2.2.4. Pengawasan Syariah Transaksi Salam dan Salam paralel

a) memastikan barang yang diperjual belikan tidak diharamkan oleh syariah Islam;
b) memastikan bahwa pembayaran atas barang salam kepada pemasok telah dilakukan
diawal kontrak secara tunai sebesar akad salam;
c) meneliti bahwa akad salam telah sesuai dengan fatwa DSN-MUI tentang salam dan
peraturan Bank Indonesia yang berlaku;
d) meneliti kejelasan akad salam yang dilakukan dalam format salam paralel atau akad
salam biasa;
e) meneliti bahwa keuntungan bank syariah atas praktik salam paralel diperoleh dari
selisih antara harga beli dari pemasok dengan harga jual kepada nasabah/pembeli akhir.

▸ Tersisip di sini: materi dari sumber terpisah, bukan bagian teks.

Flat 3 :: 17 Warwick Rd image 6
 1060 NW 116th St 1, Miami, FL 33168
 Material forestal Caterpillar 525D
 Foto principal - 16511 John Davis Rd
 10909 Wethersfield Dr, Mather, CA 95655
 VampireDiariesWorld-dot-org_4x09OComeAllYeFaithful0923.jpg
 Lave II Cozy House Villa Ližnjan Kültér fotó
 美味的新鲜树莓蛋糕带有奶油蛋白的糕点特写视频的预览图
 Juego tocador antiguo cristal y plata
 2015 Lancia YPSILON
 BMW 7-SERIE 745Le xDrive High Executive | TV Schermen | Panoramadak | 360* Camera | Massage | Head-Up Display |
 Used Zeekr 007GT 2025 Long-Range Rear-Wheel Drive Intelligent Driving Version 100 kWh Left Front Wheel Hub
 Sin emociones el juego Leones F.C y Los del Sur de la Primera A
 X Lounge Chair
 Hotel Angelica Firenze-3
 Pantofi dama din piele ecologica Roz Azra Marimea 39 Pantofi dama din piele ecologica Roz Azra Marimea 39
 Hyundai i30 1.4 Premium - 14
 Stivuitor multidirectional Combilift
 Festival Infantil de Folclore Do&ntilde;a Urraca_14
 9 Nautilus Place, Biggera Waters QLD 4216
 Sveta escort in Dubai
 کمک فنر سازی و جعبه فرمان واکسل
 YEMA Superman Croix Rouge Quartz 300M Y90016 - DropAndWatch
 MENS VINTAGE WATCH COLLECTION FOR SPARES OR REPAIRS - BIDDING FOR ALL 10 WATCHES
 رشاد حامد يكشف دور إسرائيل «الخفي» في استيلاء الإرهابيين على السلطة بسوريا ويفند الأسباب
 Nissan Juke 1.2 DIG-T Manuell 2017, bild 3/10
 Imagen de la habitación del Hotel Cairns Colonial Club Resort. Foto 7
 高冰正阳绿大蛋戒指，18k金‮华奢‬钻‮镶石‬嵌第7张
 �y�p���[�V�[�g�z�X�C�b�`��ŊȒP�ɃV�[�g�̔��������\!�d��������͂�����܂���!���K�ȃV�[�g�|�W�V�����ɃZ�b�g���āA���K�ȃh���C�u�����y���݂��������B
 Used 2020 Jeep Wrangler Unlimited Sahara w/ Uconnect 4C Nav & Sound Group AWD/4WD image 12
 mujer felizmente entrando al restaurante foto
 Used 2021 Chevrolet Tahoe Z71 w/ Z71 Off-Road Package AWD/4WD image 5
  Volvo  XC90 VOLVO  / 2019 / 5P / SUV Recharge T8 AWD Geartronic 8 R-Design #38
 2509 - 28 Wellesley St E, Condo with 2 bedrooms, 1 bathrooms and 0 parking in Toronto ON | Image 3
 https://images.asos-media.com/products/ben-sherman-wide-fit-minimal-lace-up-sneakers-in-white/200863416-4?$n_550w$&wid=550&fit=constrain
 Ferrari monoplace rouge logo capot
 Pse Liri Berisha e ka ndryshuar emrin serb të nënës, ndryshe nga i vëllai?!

2.3. Alur Transaksi Salam dan Salam Paralel

2.4. Teknis Perhitungan dan Penjurnalan Transaksi Salam


Kasus 1 : Transaksi Salam
Transaksi Salam Pertama
PT. Thariq Agro Mandiri , membutuhkan 100 ton biji jagung hibryda untuk keperluan ekspor
6 bulan yang akan datang. Pada tanggal 1 Juni 20XA, PT. Thariq Agro Mandiri melakukan
pembelian jagung dengan skema salam kepada Bank Syariah Sejahtera. Adapun informasi
tentang pembelian tersebut adalah sebagai berikut:
Spesifikasi barang : Biji jagung manis hybrida kualitas no 2
Kuantitas : 100 ton
Harga : Rp 700.000.000 ( Rp 7.000.000 per ton)
Waktu penyerahan : dua tahap setiap tiga bulan sebanyak 50 ton (2 September dan 2
Desember 20XA)
Syarat pembayaran : dilunasi pada saat akad ditandatangani
Transaksi Salam Kedua
Untuk pengadaan produk salam sebagaimana diinginkan oleh PT. Thariq Agro Mandiri, bank
syariah selanjutnya pada tanggal 2 Juni 20XA mengadakan transaksi salam dengan petani yang
bergabung dalam KUD. Tunas Mulia dengan kesepakatan sebagai berikut:
Spesifikasi barang : Biji jagung manis hybrida kualitas kualitas no 2
Kuantitas : 100 ton
Harga : Rp 650.000.000 (Rp 6.500.000 per ton)
Penyerahan modal : uang tunai sejumlah Rp 650.000.000
Waktu penyerahan barang :dua tahap setiap tiga bulan sebanyak 50 ton (1 September dan 1
Desember 20XA)
Agunan : Tanah dan kendaraan senilai Rp 700.000.000
Syarat pembayaran : dilunasi pada saat akad ditandatangani

Denda kegagalan penyerahan karena kelalaian atau kesengajaan: 2% dari nilai produk yang
belum diserahkan.

2.4.1. Penjurnalan Transaksi Salam


a. Penerimaan dana dari nasabah pembeli
Pada saat akad disepakati, pembeli disyaratkan untuk sudah membayar produk salam
secara lunas. Berdasarkan PSAK no 103 paragraf 17 disebutkan bahwa kewajiban salam diakui
pada saat penjual menerima modal usaha sebesar modal usaha salam yang diterima.
Berdasarkan kasus 10.1, pada saat bank syariah melakukan akad salam dengan PT.
Thariq Agro Mandiri (PT. TAM) dan menerima dana salam, maka jurnal transaksi tersebut
adalah sebagai berikut:

Tanggal Rekening Debit (Rp) Kredit (Rp)

5/6/XA Db. Kas/rekening nasabah pembeli – 700.000.000


PT. TAM
Kr. Hutang salam 700.000.000

b. Penyerahan modal salam dari bank syariah kepada pemasok atau petani

Berdasarkan PSAK no 103 paragraf 11 disebutkan bahwa piutang salam diakui pada
saat modal usaha salam dibayarkan atau dialihkan kepada penjual. Modal usaha salam dalam
bentuk kas diukur sebesar jumlah yang dibayarkan (PSAK no 103 paragraf 12).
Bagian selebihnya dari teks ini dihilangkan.